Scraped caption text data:
- Opening Delimiter -
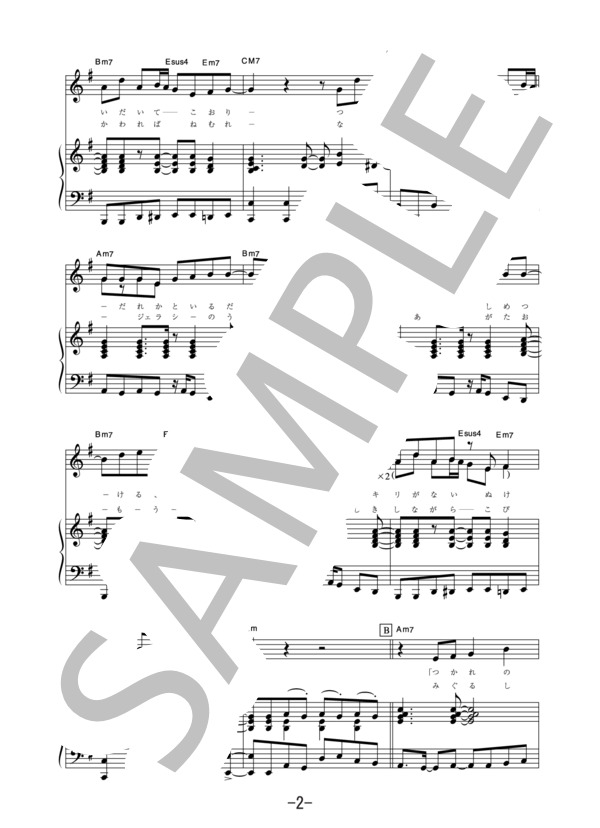 S/楽譜/スマップ/SMAP/EL/FD付き/エレクトーン/青いイナズマ S/楽譜/スマップ/SMAP/EL/FD付き/エレクトーン/青いイナズマ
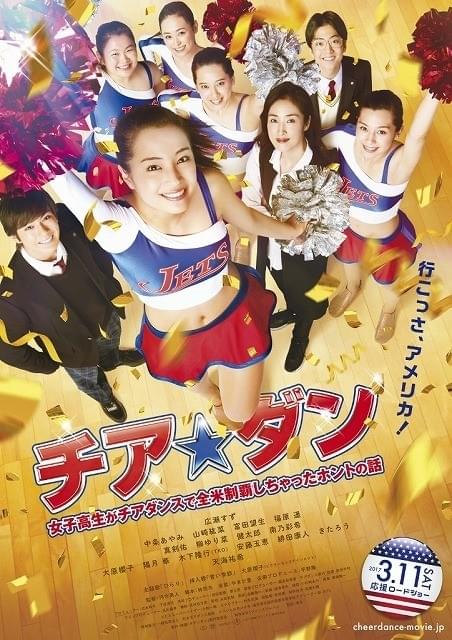 広瀬すず / ポスターカレンダー 「チア☆ダン」 | mdh.com.sa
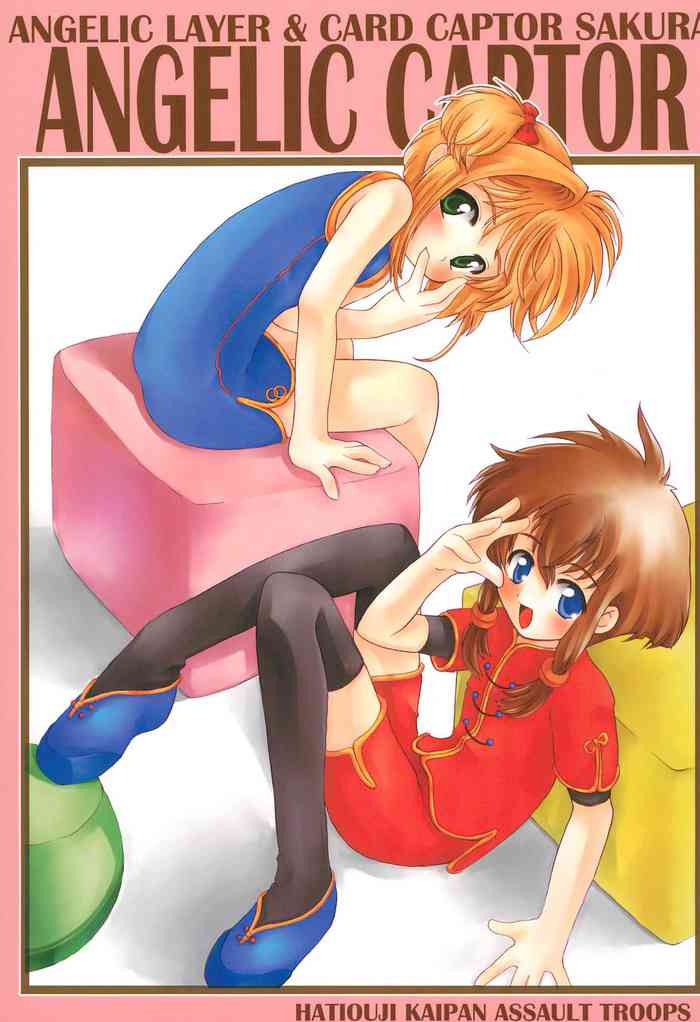 (CR25) [Hachiouji Kaipan Totsugeki Kiheitai (Makita Yoshiharu)] ANGELIC CAPTOR (Card Captor Sakura, ANGELIC LAYER)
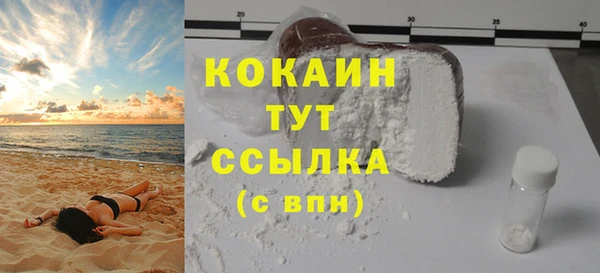 синтетический гашиш Армянск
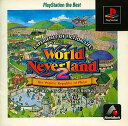 【送料無料】【新品】PS プレイステーション ワールド・ネバーランド2 PlayStation the Best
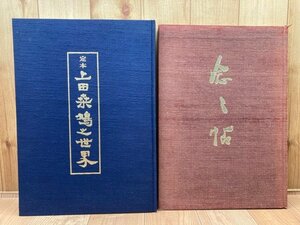 定本上田桑鳩之世界（別冊欠)+念々帖　上田桑鳩作品集　EKE368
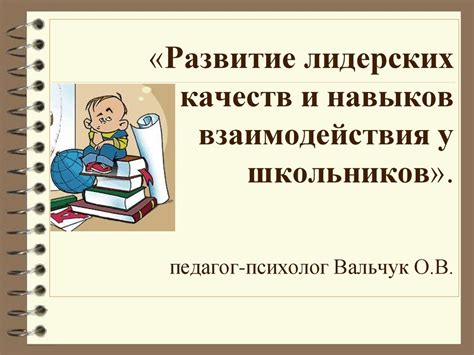 Развитие лидерских навыков в школе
- Closing Delimiter -
TASK DIRECTIONS: Pictures stay out, but every record above is to be returned exactly.

EXERCISE ANSWER:
 S/楽譜/スマップ/SMAP/EL/FD付き/エレクトーン/青いイナズマ S/楽譜/スマップ/SMAP/EL/FD付き/エレクトーン/青いイナズマ
 広瀬すず / ポスターカレンダー 「チア☆ダン」 | mdh.com.sa
 (CR25) [Hachiouji Kaipan Totsugeki Kiheitai (Makita Yoshiharu)] ANGELIC CAPTOR (Card Captor Sakura, ANGELIC LAYER)
 синтетический гашиш Армянск
 【送料無料】【新品】PS プレイステーション ワールド・ネバーランド2 PlayStation the Best
 定本上田桑鳩之世界（別冊欠)+念々帖　上田桑鳩作品集　EKE368
 Развитие лидерских навыков в школе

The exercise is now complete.